New Zealand Sevens World Series event is moving to Hamilton in 2018. Hamilton, claimed from Wellington the hosting rights for the NZ HSBC World Rugby Sevens Series. Hamilton was announced earlier this year as the new host of the event after Wellington's 18-year hosting of the rugby sevens event. So yes Wellington Sevens to become the Hamilton Sevens. Hamilton City is set to host the New Zealand leg of the World Rugby Sevens Series from 3rd – 4th February 2018. With a rich rugby heritage, Hamilton and the wider Waikato region will no doubt come alive with sevens rugby action.
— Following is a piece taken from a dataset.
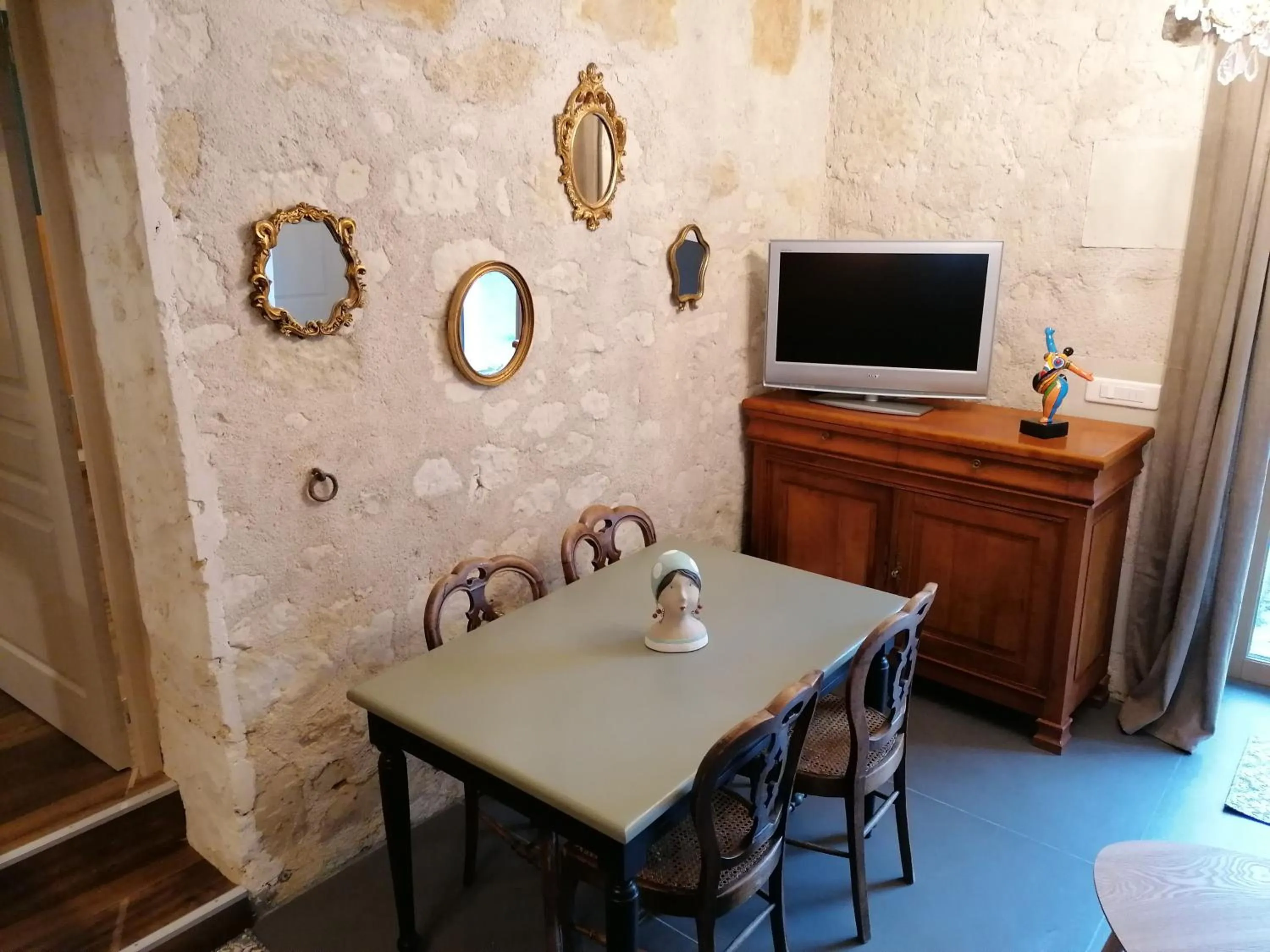 Dining area in Aquarelle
Public ticket sales allocation has sold out for the 2018 NZ Sevens.

But here's some of the background history about Wellington Sevens. One of the world's most fun, frantic and downright enjoyable sports tournaments used to take place every year in New Zealand's capital of cool, Wellington. Though it might not be as famous as the World Cup, the Olympics or the Superbowl, there are few tournaments anywhere in the world that can match the Sevens for good vibes, great ambience and a really party atmosphere.

2017 Wellington Sevens was on the 7th February and lasted two days. It should come as no surprise to see the host nation in the familiar position of firm favourites. Since the tournament was founded in 2000, the All Blacks have taken home the top prize on a record six occasions, while taking the runner up spot twice.
They do not, however, come in as champions. That honour belongs to England, who vanquished Sevens-loving Kenya in last year's final and are being tipped by many to meet New Zealand in the ultimate game of this year's contest.
The Wellington Sevens is the fifth event in the IRB Sevens World Series Circuit. The Circuit, which begins in Gold Coast, Australia each October and ends in London England, the following May. In between, it takes in Dubai, Port Elizabeth, Las Vegas, Tokyo, Hong Kong, Glasgow and, of course, Wellington.
Of all these stop overs, Wellington is one of the most famous and fun, with players on the circuit regularly citing it as their favourite place to play. The crowd are there to enjoy themselves, often arriving at the venue in fancy dress. Popular costumes over the years have ranged from Fred Flinstone to George W. Bush to Austin Powers to the Care Bears.
In recent years, kissing has also begun to be a big part of the event. Beginning in 2009 with a ‘Beads for Kisses' campaign, which involved spectators exchanging beads with each other for kisses, and now taking the form of kissing booths around the venue.
The 2017 tournament brought together 16 teams in total: Argentina, Australia, Canada, England, Wales, Figi, France, Kenya, Portugal, Samoa, Scotland, Spain, South Africa, Tonga, USA and, of course, New Zealand. It kicked off in the 35,000 capacity Westpac Stadium in the city centre.